Compensation Gaps Between Web and Mobile Developers
10. Web App Developers Earn Less Than Mobile Developers
Web application developers earn 13.5% less than mobile app developers. The gap reflects differences in platform complexity, distribution models, and market demand. Mobile developers must navigate iOS and Android ecosystem rules, handle device fragmentation, and optimize for battery and network constraints.
Web development, by contrast, benefits from a single runtime environment across browsers. Progressive web apps have narrowed the feature gap, but native mobile development still commands a premium because of the specialized knowledge required. App store submission processes, push notification infrastructure, and in-app purchase systems add layers of complexity that web developers rarely encounter.
For developers choosing a career path, the 13.5% gap is worth weighing against other factors. Mobile roles pay more but often require maintaining separate codebases or mastering platform-specific languages like Swift and Kotlin. Web roles offer broader flexibility and faster iteration cycles. The choice depends on whether the developer prioritizes maximum income or cross-platform reach.
The Push for Specialized Expertise
11. Specialized Skills Drive Higher Compensation
The data across these trends points to a clear pattern: specialization pays. Rust developers out-earn generalists. Developers in tech hubs command location premiums. Mobile specialists earn more than web generalists. Outsourcing agencies thrive because they offer concentrated expertise that in-house teams lack.
For individual developers, the implication is straightforward. General knowledge of HTML, CSS, and JavaScript remains the baseline, but deep proficiency in a high-demand niche elevates earning potential. Performance engineering, security auditing, cloud infrastructure, and developer tooling are all areas where specialized skills translate into higher rates.
Companies also benefit from specialization. Hiring a dedicated security engineer early in a project reduces the 20% vulnerability rate. Engaging a Rust specialist for a performance-critical service can cut infrastructure costs. The trend toward specialization is not just about salary statistics. It reflects a maturing industry where depth beats breadth in both quality and compensation.
Frequently Asked Questions
How can a business take advantage of the high rate of inactive websites?
With 82.68% of websites inactive, a business can gain visibility simply by keeping its own site fresh and well-maintained. Regular content updates, timely security patches, and responsive design signal credibility to both users and search engines. This low-competition environment rewards consistency more than aggressive marketing.
What is the difference between AI-generated websites and traditionally built websites?

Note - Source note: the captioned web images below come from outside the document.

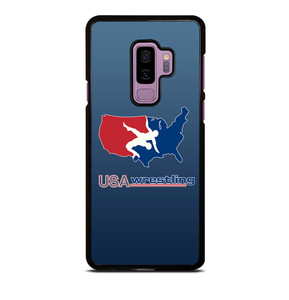 USA WRESTLING SYMBOL Samsung Galaxy S9 Plus Case USA WRESTLING SYMBOL Samsung Galaxy S9 Plus Case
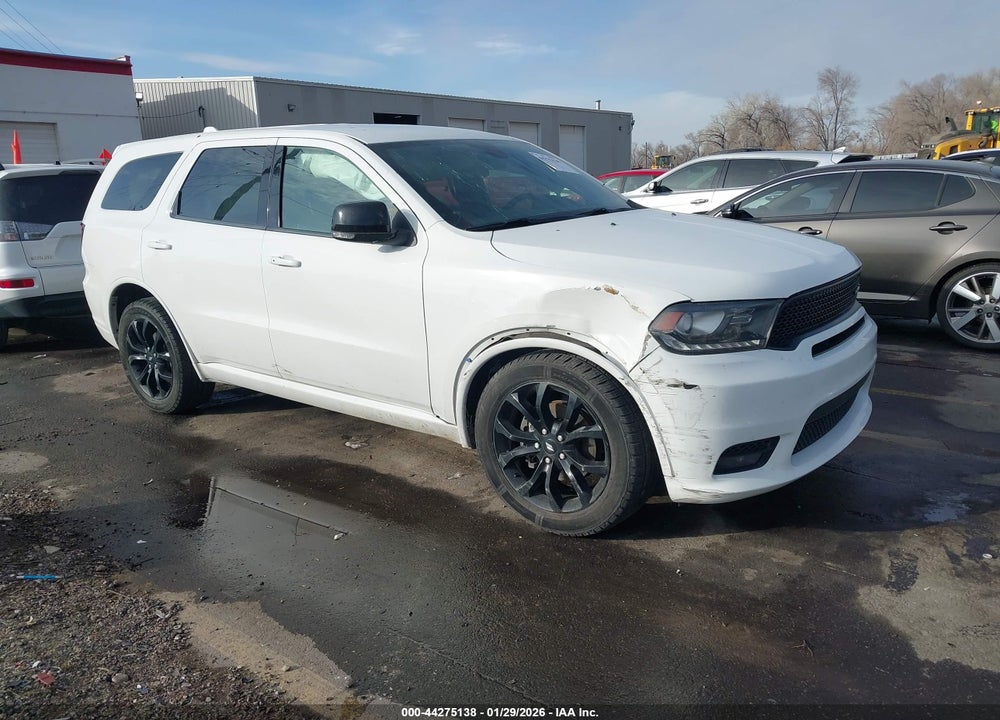 2020 DODGE DURANGO GT PLUS AWD VIN: 1C4RDJDG3LC166802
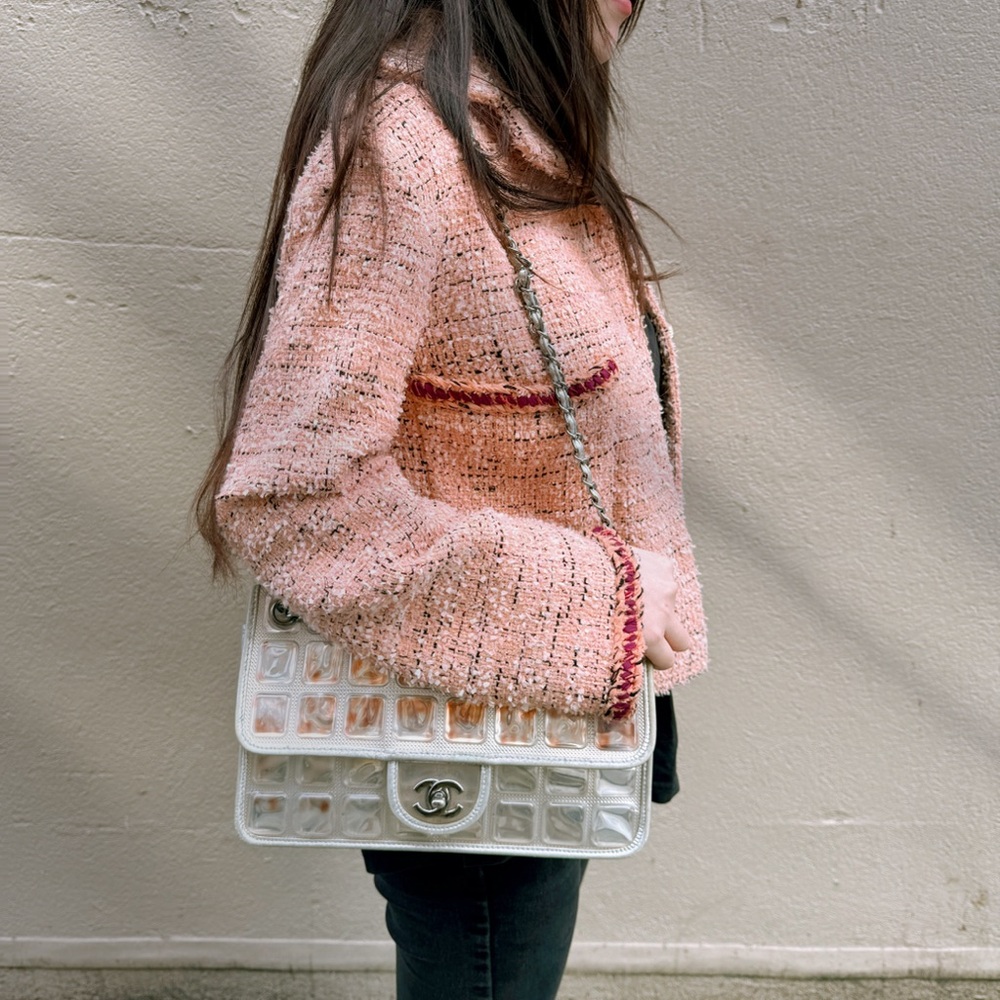 Chanel Ice Cube Limited Edition Flap Bag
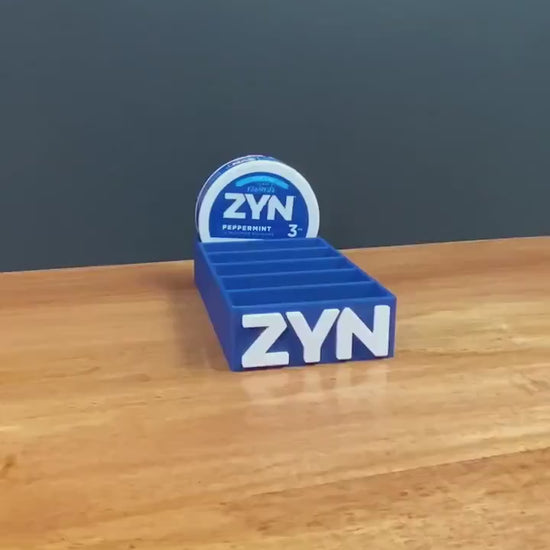 Drawer Zyn Holder / Zyn Caddy - Holds 6 or 10 Cans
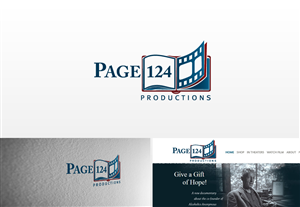 Logo Design by keis604 for Page 124 Productions | Design: #1515514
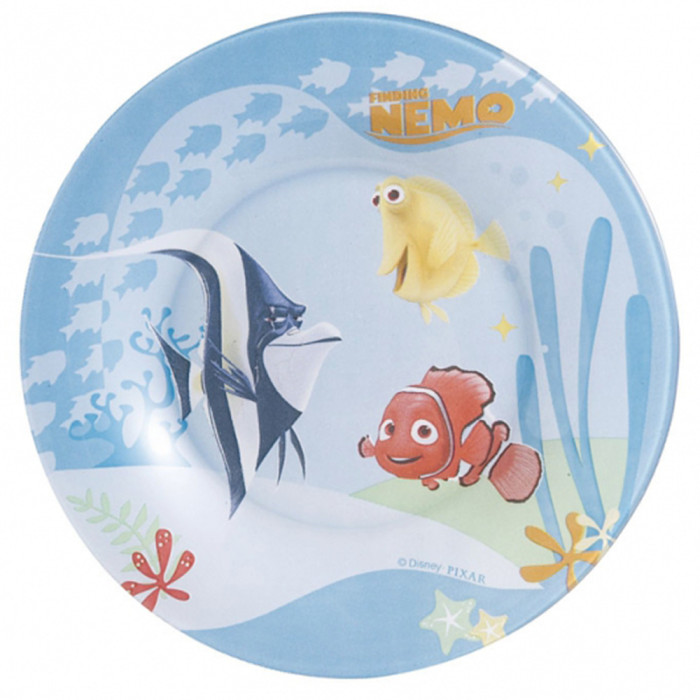 Тарілка десертна Luminarc Disney Nemo E8863, 19,5 см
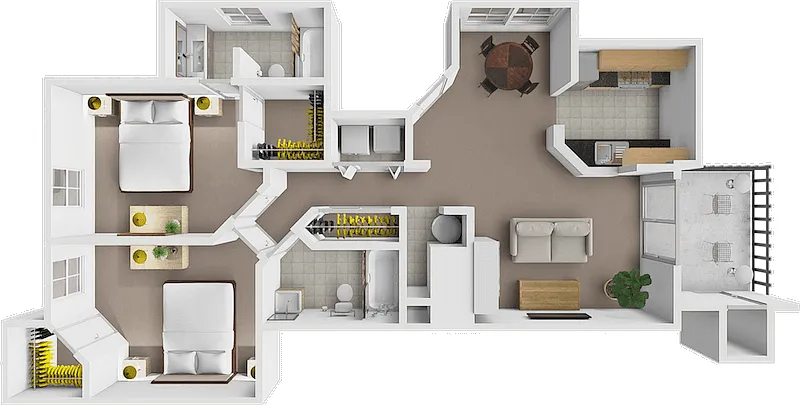 Floor plan B Jones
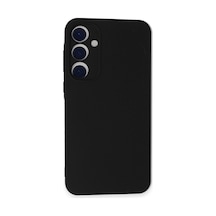 Herşeytrend Samsung Galaxy Uyumlu A55 5g Kılıf Nano İçi Kadife Silikon - Siyah Çok Renkli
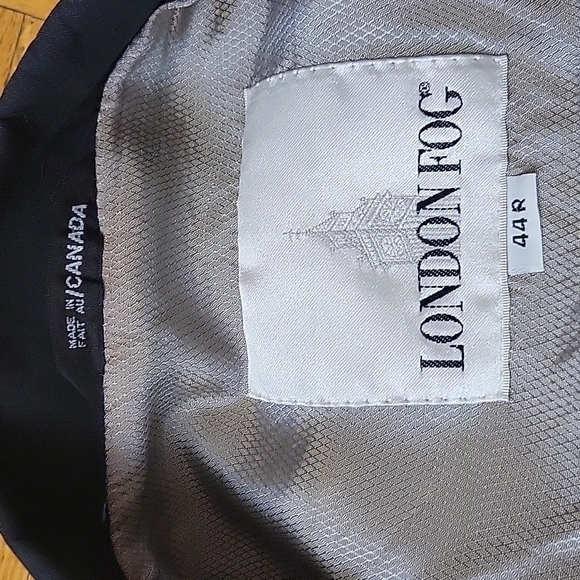 London FOG Women's Trench coat 44 R - Picture 5 of 9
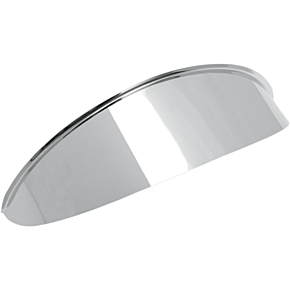 Visor for 5-3/4" Headlight - Chrome 2001-0369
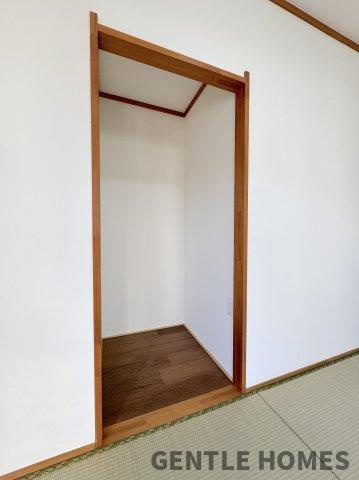 大野城市平野台の収納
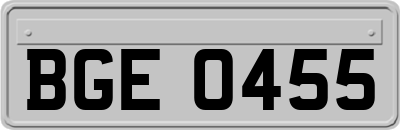BGE0455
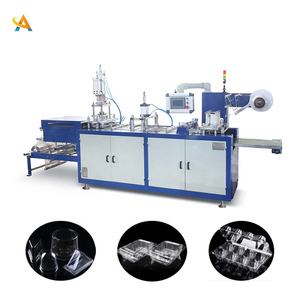 Plateau <span class=keywords><strong>plastique</strong></span> jetable entièrement automatique, pièces, plaque de récipient, gobelet, fabrication de thermo en vente - Product Image 4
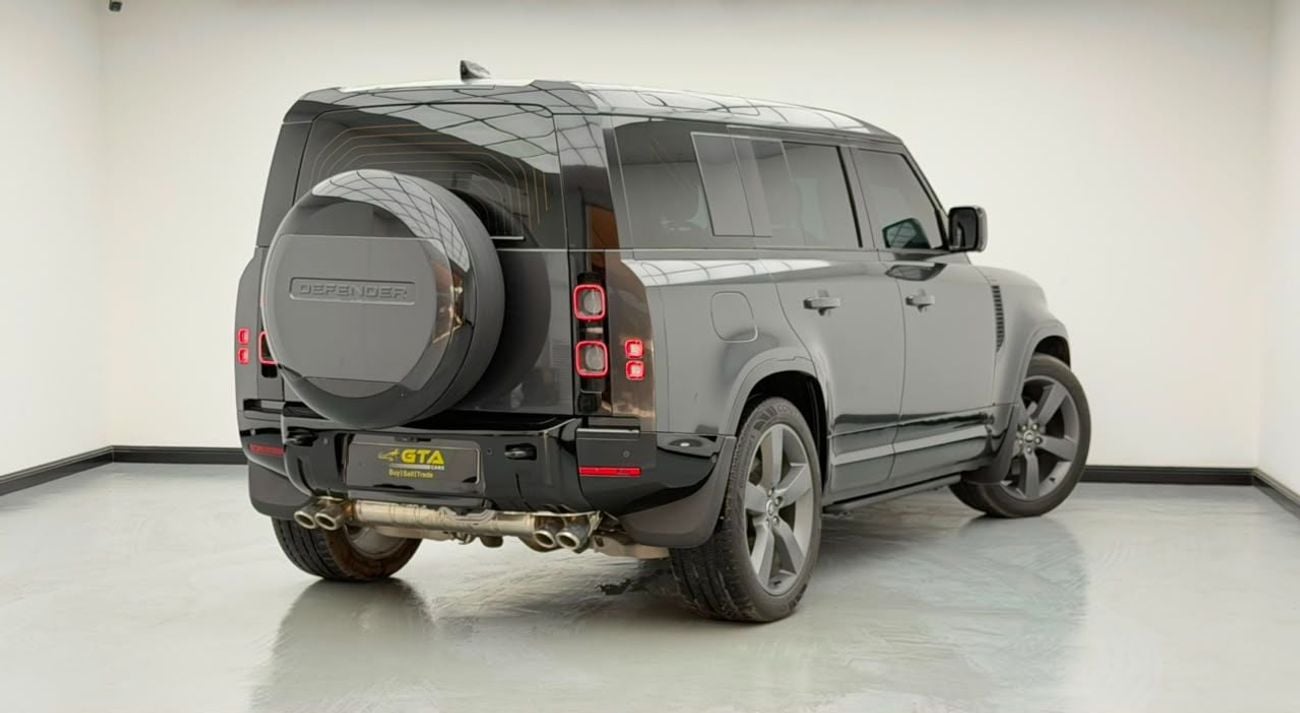 Land Rover Defender 110
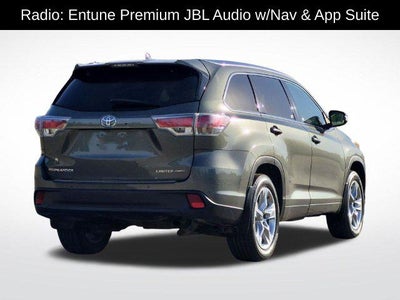 2016 Toyota Highlander Limited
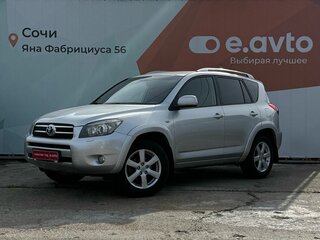 2007 Toyota RAV4 III (XA30), серебристый, 1350000 рублей, вид 1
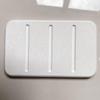 Diatomite Mud Soap Dish Quick Dry Bathroom Countertop Absorbent Pad Rectangular Toiletries Holder Supplies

AI-generated websites use automated tools to produce layouts, copy, and images from a short description. They work well for simple informational pages but lack the flexibility needed for custom logic, complex integrations, or unique design requirements. Traditionally built websites require human developers to write code, which offers full control over functionality and performance but demands more time and budget.
Is outsourcing web development a secure option for handling sensitive data?
Outsourcing can be secure if the partner follows industry-standard practices. Contracts should include data protection clauses, non-disclosure agreements, and clear incident response procedures. Vetting the agency’s security certifications, reviewing their code for vulnerabilities, and maintaining access controls all reduce risk. The 20% vulnerability rate applies to in-house and outsourced projects alike, so security discipline matters regardless of who writes the code.